12a. A man P has 5 red, 3 blue, and 2 white buses. Another man, Q, has 3 red, 2 blue, and 4 white buses. A bus owned by P is involved in an accident with a bus belonging to Q. Calculate the probability that the two buses are not the same. Leave your answer in this format ' a/b.'
b. A man travels from Nigeria to Ghana by air and from Ghana to Liberia by ship. He returns by the same means. He has 6 airlines and 4 shipping lines to choose from. In how many ways can he make his journey without using the same airline or shipping line?
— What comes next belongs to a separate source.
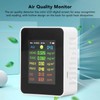Indoor Air Quality Meter, 2000mAh WiFi Tester with Color LCD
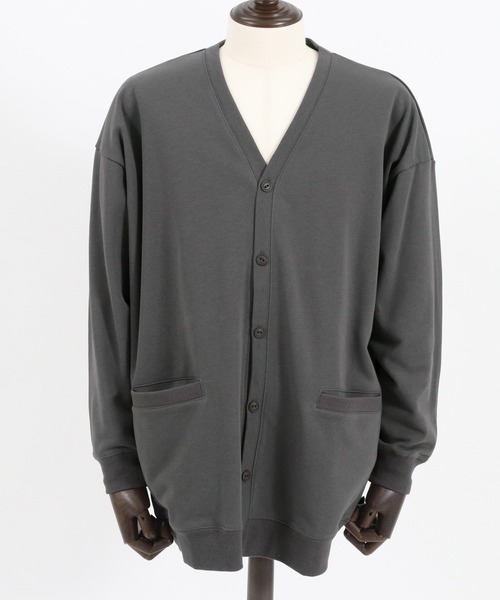 【セール】mcg3211-MINI URAKE Long Length Cardigan カーディガン（カーディガン/ボレロ）｜CAMBIO（カンビオ）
12a. Total buses owned by P: 10
Total buses owned by Q: 9
Total possible pairs of buses (one from P and one from Q): \( 10 \times 9 = 90 \)
Pairs of the "same colour":
Both red: \( 5 \times 3 = 15 \)
Both blue: \( 3 \times 2 = 6 \)
Both white: \( 2 \times 4 = 8 \)
Total same colour: 15 + 6 + 8 = 29
Pairs of "different colours": 90 - 29 = 61
Probability that the two buses are not the same colour: \(\frac{61}{90}\)
12b. The journey has four independent legs:
Nigeria → Ghana by air: 6 airline choices
Ghana → Liberia by ship: 4 shipping line choices
Liberia → Ghana by ship (return): 4 shipping line choices (same line can be used again)
Ghana → Nigeria by air (return): 6 airline choices (same airline can be used again)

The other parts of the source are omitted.